A letter signed by Chief Justice Tun Tengku Maimun Tuan Mat, dated April 22, stating that Justice Zawawi would perform the duties of the chief judge until Justice Azahar recovers, was sighted by theedgemarkets.com.

Justice Azahar has not been hearing cases since last week.

He was supposed to be a member of the panel that decided on the the appeal by Faekah Hussin and several other ex-aides of former Selangor Menteri Besar Tan Sri Khalid Ibrahim against the state government.

But his absence was announced by Court of Appeal president Justice Tan Sri Rohana Yusuf, who chaired the panel and allowed the ex-aides' appeal on April 19.

It is understood that while Justice Azahar is hospitalised at the Sungai Buloh Hospital, his family members have been discharged.

theedgemarkets.com has contacted the Federal Court's office on the matter and is awaiting its response.

Justice Zawawi's temporary appointment is made under Section 9(3) (a) of the Courts of Judicature Act 1964, that stipulates that should there be a vacancy due to an incapacitation or vacancy, a Federal Court judge could be appointed to perform the duties of the person.

The chief judge's post is the third most senior post in Malaysia's judiciary.

Meanwhile, several court staff in Putrajaya are said to have contracted Covid 19, but most of them have not been hospitalised so far.

In a related development, a source close to the judiciary said senior judges have yet to receive Covid 19 vaccines, which has now made its way to frontliners.

“We have yet to receive vaccinations for Covid 19, but at the same time, we are wondering whether the magistrates should be the first to receive,” said a source on condition of anonymity.
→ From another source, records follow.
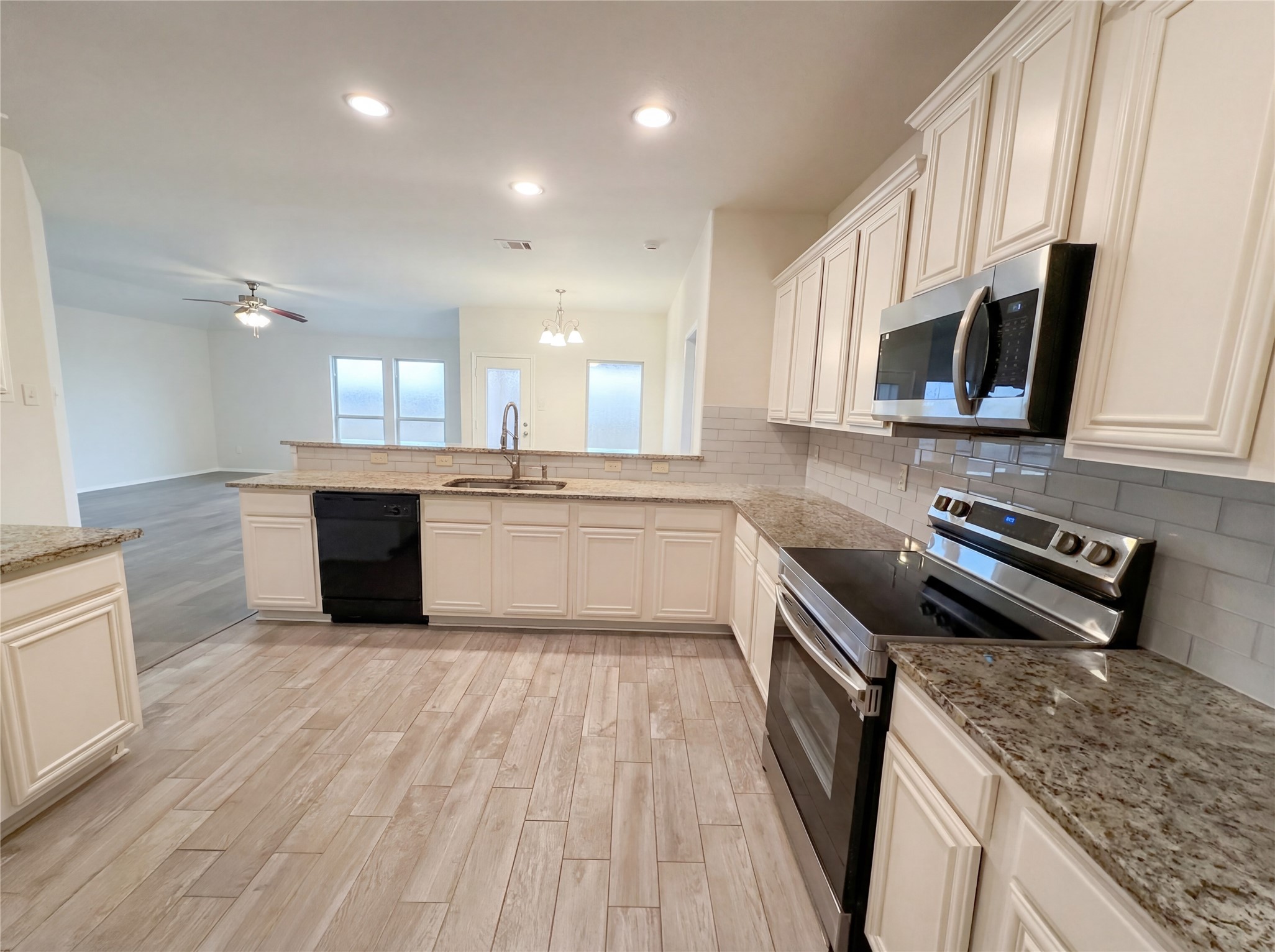 2553 Cumberland Trail Balch Springs TX 75181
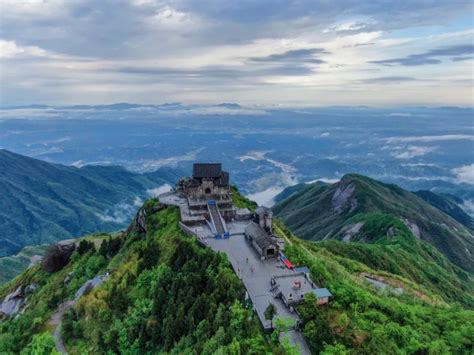 湖南衡阳：南岳衡山景区迎来旅游旺季-人民图片网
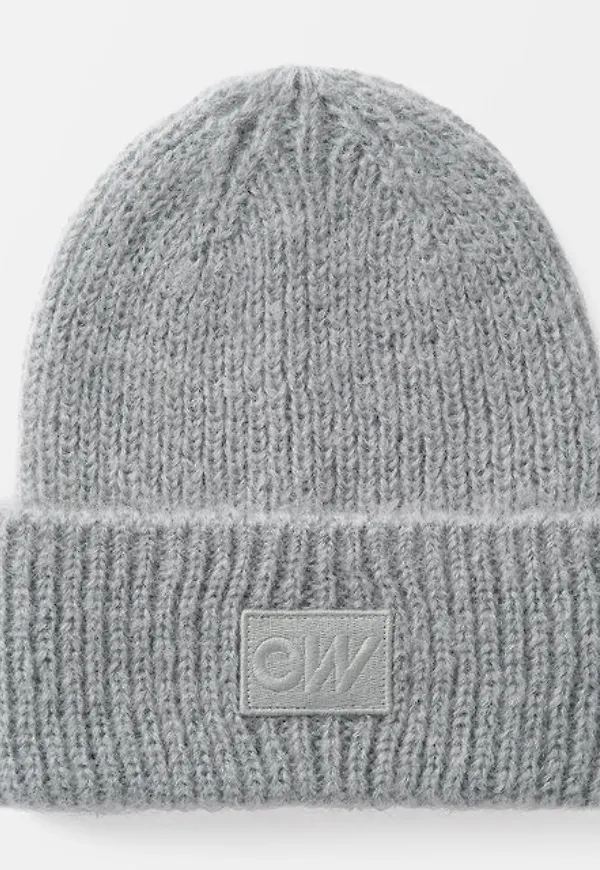 Borstad, stickad beanie med logga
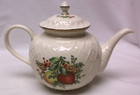 Lenox Williamsburg Carved Boxwood   Pine Teapot
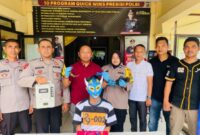 Kapolsek Langsa Barat Iptu Hufiza Fahmi (baju merah) bersama personil Reskrim berhasil membekuk tersangka perdagangan narkoba 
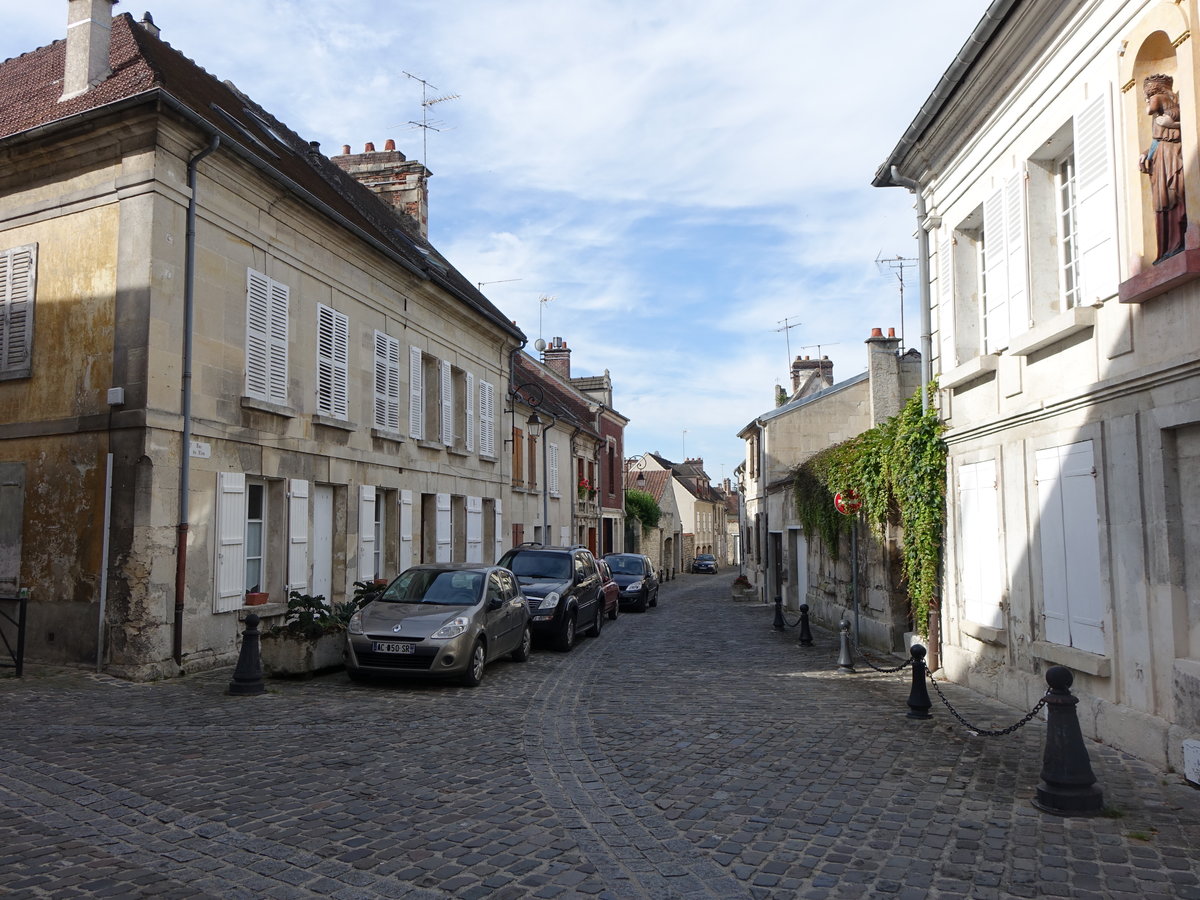 Crepy-en-Valois, Huser in der Rue de Lion (10.07.2016)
Magistrates have been on the front line in dealing with remand prisoners and also presiding over criminal cases, and their courts are often quite congested.

Meanwhile, at the criminal high courts in the Kuala Lumpur Courts Complex, plastic screen barriers have been placed to separate the prosecution and defence benches, as well as the accused dock and the interpreters and judges sitting in front.

It is understood that this precaution is there to prevent the spread of Covid 19.